How to vertically scale an Amazon instance?

Yes.  This is an incredible feature of AWS and cloud virtualization.  Spinup a new larger instance than the one you are currently running.  Pause that instance and detach the root ebs volume from this server and discard.  Then stop your live instance, detach its root volume.  Note the unique device ID and attach that root volume to your new server.   And the start it again.  Voila you have scaled vertically in-place!!

Types of Scaling



What is auto-scaling? How does it work?

Autoscaling is a feature of AWS which allows you to configure and automatically provision and spinup new instances without the need for your intervention.  You do this by setting thresholds and metrics to monitor.  When those thresholds are crossed a new instance of your choosing will be spun up, configured, and rolled into the load balancer pool.  Voila you’ve scaled horizontally without any operator intervention!



With MySQL databases autoscaling can get a little dicey, so we wrote a guide to autoscaling MySQL on amazon EC2.



What automation tools can I use to spinup servers?

The most obvious way is to roll-your-own scripts, and use the AWS API tools.  Such scripts could be written in bash, perl or other language or your choice.  Next option is to use a configuration management and provisioning tool like puppet or better it’s successor Opscode Chef.  You might also look towards a tool like Scalr.  Lastly you can go with a managed solution such as Rightscale.


1. AWS API Tools : https://aws.amazon.com/developertools/351
2. OpsCode Chef : https://www.chef.io/





4. RightScale:   http://www.rightscale.com/

           




TOP AWS Interview Questions

What is configuration management?

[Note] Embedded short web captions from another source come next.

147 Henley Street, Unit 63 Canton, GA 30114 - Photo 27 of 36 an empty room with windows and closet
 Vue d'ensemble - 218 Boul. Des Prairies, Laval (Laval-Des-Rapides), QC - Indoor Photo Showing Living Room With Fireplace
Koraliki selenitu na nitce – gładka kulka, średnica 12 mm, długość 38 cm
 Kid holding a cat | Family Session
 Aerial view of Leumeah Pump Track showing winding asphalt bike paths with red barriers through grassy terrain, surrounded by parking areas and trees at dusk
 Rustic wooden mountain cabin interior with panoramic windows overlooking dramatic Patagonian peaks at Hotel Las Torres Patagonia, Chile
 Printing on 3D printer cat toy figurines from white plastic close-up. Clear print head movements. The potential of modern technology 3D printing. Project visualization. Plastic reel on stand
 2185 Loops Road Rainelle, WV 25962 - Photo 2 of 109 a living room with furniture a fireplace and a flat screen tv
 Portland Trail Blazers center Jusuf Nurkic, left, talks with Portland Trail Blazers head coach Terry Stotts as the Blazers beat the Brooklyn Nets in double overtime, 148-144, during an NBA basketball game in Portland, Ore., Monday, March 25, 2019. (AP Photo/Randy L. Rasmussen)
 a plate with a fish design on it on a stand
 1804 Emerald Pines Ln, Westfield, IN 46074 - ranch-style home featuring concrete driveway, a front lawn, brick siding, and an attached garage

Why would I want to use it with cloud provisioning of resources?


Configuration management has been around for a long time in web operations and systems administration.  Yet the cultural popularity of it has been limited.  Most systems administrators configure machines as software was developed before version control – that is manually making changes on servers.  Each server can then and usually is slightly different.  Troubleshooting though is straightforward as you login to the box and operate on it directly.  Configuration management brings a large automation tool into the picture, managing servers like strings of a puppet.  This forces standardization, best practices, and reproducibility as all configs are versioned and managed.  It also introduces a new way of working which is the biggest hurdle to its adoption.




Enter the cloud, and configuration management becomes even more critical.  That’s because virtual servers such as amazons EC2 instances are much less reliable than physical ones.  You absolutely need a mechanism to rebuild them as-is at any moment.  This pushes best practices like automation, reproducibility and disaster recovery into center stage.

Explain how you would simulate perimeter security using Amazon Web Services model?

Traditional perimeter security that we’re already familiar with using firewalls and so forth is not supported in the Amazon EC2 world.  AWS supports security groups.  One can create a security group for a jump box with ssh access – only port 22 open.  From there a webserver group and database group are created.  The webserver group allows 80 and 443 from the world, but port 22 *only* from the jump box group.  Further the database group allows port 3306 from the webserver group and port 22 from the jump box group.  Add any machines to the webserver group and they can all hit the database.  No one from the world can, and no one can directly ssh to any of your boxes.